== WHAT YOU SHOULD DO ==
Across the whole listing, filter for the string "like" and copy every line that has it.

== RECORDS FOR THIS TASK ==
---

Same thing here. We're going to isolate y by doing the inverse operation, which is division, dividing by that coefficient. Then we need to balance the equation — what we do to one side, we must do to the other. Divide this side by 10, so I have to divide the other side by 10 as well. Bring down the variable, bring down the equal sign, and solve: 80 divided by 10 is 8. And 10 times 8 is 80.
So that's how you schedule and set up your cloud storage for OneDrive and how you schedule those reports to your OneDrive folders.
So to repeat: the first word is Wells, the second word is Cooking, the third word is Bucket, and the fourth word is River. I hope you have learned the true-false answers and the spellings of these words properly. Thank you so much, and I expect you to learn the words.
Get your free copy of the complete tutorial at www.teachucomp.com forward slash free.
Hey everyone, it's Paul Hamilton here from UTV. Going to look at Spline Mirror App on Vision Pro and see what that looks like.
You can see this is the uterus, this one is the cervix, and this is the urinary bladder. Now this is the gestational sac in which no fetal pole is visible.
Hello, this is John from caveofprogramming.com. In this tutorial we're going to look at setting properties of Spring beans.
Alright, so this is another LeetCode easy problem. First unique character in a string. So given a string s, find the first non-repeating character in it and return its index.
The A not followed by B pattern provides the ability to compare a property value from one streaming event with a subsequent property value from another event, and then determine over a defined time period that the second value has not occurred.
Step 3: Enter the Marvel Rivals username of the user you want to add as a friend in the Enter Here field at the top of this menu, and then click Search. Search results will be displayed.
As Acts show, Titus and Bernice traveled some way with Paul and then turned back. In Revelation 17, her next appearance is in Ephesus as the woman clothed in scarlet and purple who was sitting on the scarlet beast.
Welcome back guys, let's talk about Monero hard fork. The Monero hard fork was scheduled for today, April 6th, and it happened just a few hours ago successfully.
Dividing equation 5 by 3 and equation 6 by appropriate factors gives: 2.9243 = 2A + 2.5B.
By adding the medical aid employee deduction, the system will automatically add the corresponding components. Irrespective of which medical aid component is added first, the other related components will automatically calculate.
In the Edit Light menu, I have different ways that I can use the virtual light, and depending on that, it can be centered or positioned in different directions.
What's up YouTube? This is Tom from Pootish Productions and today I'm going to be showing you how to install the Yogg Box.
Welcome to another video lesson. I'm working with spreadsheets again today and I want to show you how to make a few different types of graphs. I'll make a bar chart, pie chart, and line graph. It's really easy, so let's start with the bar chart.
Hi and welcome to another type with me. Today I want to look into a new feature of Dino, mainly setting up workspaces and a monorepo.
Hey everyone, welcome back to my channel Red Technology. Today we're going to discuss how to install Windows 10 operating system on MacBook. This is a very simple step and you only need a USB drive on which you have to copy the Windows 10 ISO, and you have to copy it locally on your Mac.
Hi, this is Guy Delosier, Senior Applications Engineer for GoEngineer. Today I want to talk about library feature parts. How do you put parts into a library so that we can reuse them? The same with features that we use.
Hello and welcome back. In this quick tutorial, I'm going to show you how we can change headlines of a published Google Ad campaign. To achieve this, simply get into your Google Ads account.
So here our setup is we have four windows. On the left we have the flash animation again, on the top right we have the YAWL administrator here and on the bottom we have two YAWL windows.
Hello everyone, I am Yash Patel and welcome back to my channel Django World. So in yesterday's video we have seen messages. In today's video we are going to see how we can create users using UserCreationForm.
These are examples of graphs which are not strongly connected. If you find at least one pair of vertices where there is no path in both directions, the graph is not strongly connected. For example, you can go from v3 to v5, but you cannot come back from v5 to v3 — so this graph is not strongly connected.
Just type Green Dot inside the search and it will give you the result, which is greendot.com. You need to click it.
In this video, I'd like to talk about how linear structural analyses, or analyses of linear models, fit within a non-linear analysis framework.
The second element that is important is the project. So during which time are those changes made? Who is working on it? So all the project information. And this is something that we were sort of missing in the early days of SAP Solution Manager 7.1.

---

== RESULT FOR THIS EXERCISE ==
Hey everyone, it's Paul Hamilton here from UTV. Going to look at Spline Mirror App on Vision Pro and see what that looks like.
In this video, I'd like to talk about how linear structural analyses, or analyses of linear models, fit within a non-linear analysis framework.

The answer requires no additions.